Because of that, SaaS agreements must work as both licensing agreements and service agreements.
For both vendors and customers, a well structured SaaS agreement is the foundation for a long-term working relationship between the two parties.
Key Features of Effective SaaS Contracts
No matter what industry you operate in, there are a few universal features of effective SaaS contracts that every organization should understand.
1. Service Level Agreements
The Service Level Agreement (SLA) is the cornerstone of a software-as-a-service contract. It defines the minimum level of performance that vendors must meet. A common metric is uptime guarantees, for example, 99.99% availability. SLAs also put in place other performance metrics, and procedures for handling service disruptions.
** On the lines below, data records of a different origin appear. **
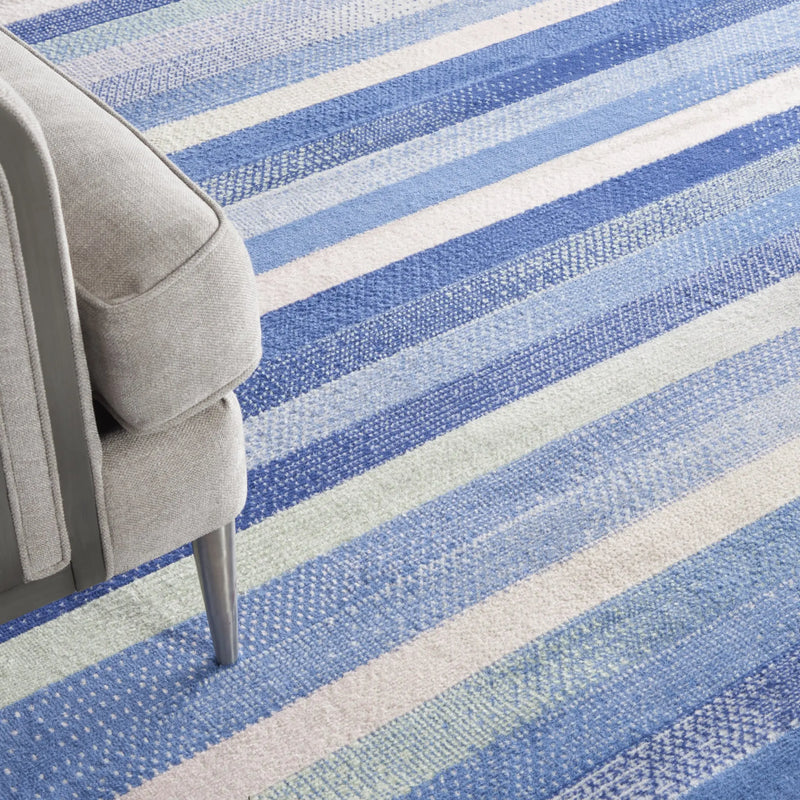 7' X 10' Ivory Tan and Blue Abstract Distressed Non Skid Area Rug Homeroots Home Decor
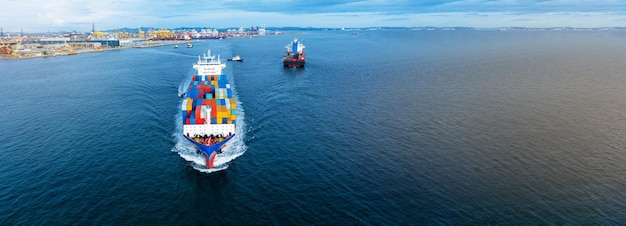 コンテナを運び、貨物ヤード港からカスタムオーシャンコンセプトテクノロジー輸送通関通関ブロバルトレーダーおよびロジスティクスへの輸出品のために走っている貨物船の正面図の空中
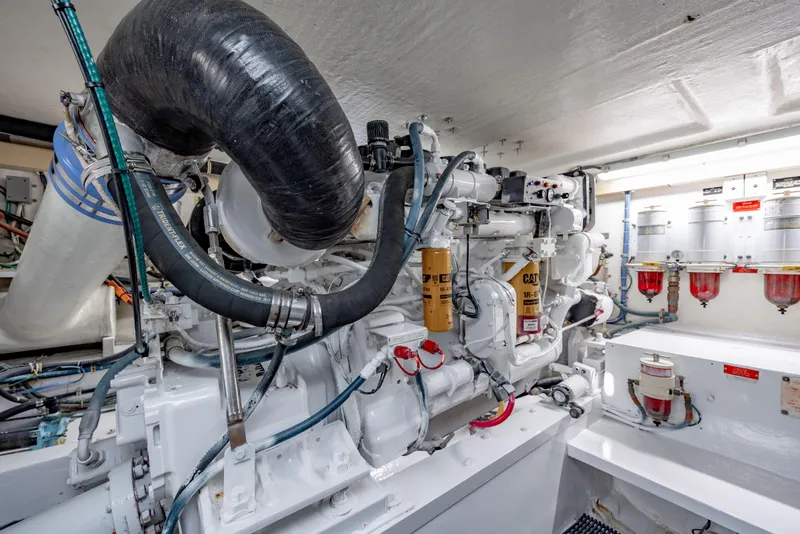 Slide: The Image of Engine room of 2000 Hatteras 50 Convertible yacht, featuring CAT machinery and components. - 39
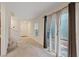 Bright living room features sliding doors, carpet, and neutral walls at 2945 Torreon Ln, Las Vegas, NV 89121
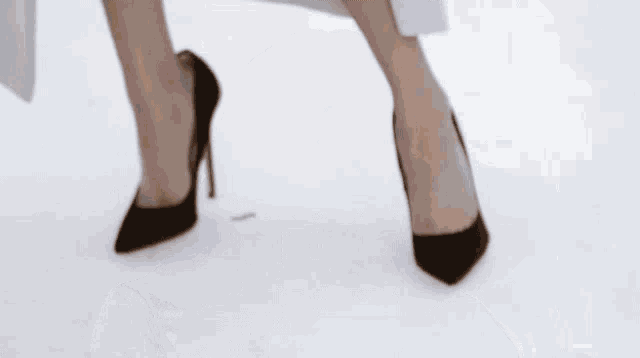 a woman is wearing a white jacket and a black dress .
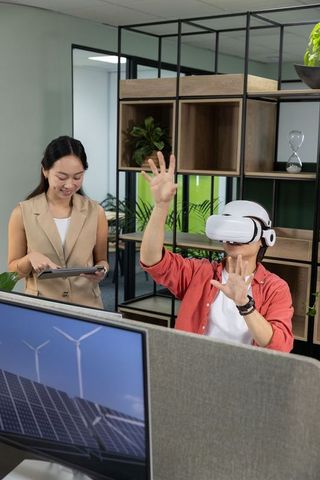 Using vr to interact with renewable energy model while colleague reviews data on tablet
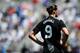 BALTIMORE, MD - JULY 28: Andrew Carroll #9 of Liverpool waits for play to resume against the Tottenham Hotspur during a pre-season tour friendly match at M&T Bank Stadium on July 28, 2012 in Baltimore, Maryland. The match ended in a, 0-0, draw. (Photo by Patrick Smith/Getty Images)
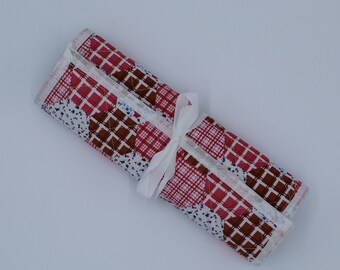 Make up brush travel roll handcrafted from a patchwork print fabric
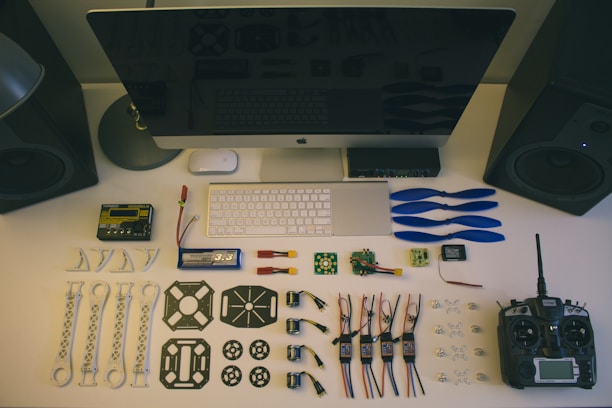 A neatly organized workstation displays various drone parts and tools laid out on a desk. Components include blue propellers, electronic circuit boards, batteries, connectors, and a remote controller. The setup is complemented by a large monitor, keyboard, and mouse. Two speakers are placed on either side.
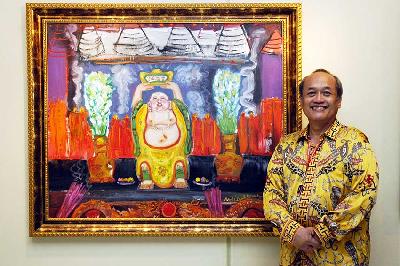 Pelukis Hardi dengan latar lukisan karyanya dalam Pameran lukisan Tunggal XIX "Gelora Imlek-Bhinneka Tunggal Ika" di Jakarta, 2009. Dok. TEMPO/ Arnold Simanjuntak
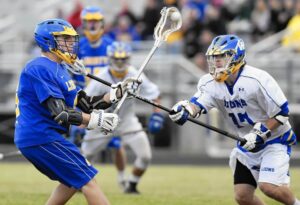 lacrosse players on the field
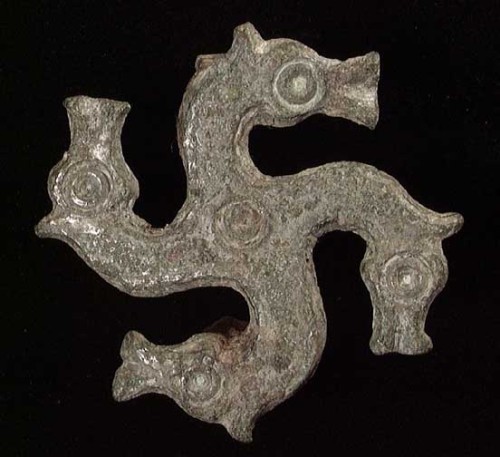 GALLO-ROMAN SWASTICA FORM BROOCH, ca. 4th-6th century. Each arm of the swastica ending in a horse he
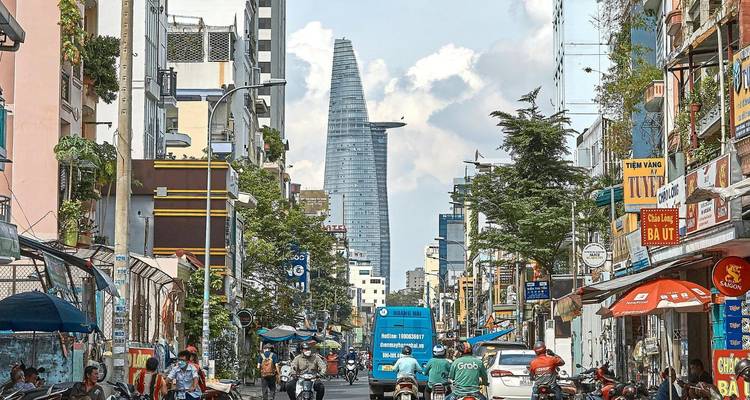Rue de la ville animée remplie de motos et de magasins avec la tour financière Bitexco s'élevant en arrière-plan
SLAs set clear expectations for both vendors and clients. The language used should clearly state what the standards for performance are, and what the available remedies are if service fails to meet the standards.
2. License and Usage Rights
SaaS licensing agreements should include specific terms for how the customer is allowed to use the software. The number of seats allowed and limitations on data storage need to be specifically defined in the agreement. Things the customer should not do, such as resell or reverse engineer the software, must also be defined in writing.
If usage rights are vague, problems are more likely to show up later. By clearly defining what is accepted usage and what is not, you can avoid a lot of headaches later.
3. Data Ownership and Security
Data ownership should be explicitly covered in the SaaS licensing agreement. A great deal of sensitive and proprietary data will be held by the vendor in the cloud. Clear policies for who owns the data, as well as how it will be kept private and secure are essential. Not only for operational trust with clients, but for compliance with data privacy regulations like HIPAA, CCPA and GDPR.
4. Pricing Model and Payment Terms
Because SaaS is subscription-based, the agreement creates an ongoing relationship between the vendor and customer. Both parties should clearly understand the financial obligations of the agreement. The contract should specify the monthly subscription fee, the billing cycle (monthly, annually, or other), auto-renewal terms, upgrade and downgrade options, and any additional fees that may be applied (overage charges, premium support, etc).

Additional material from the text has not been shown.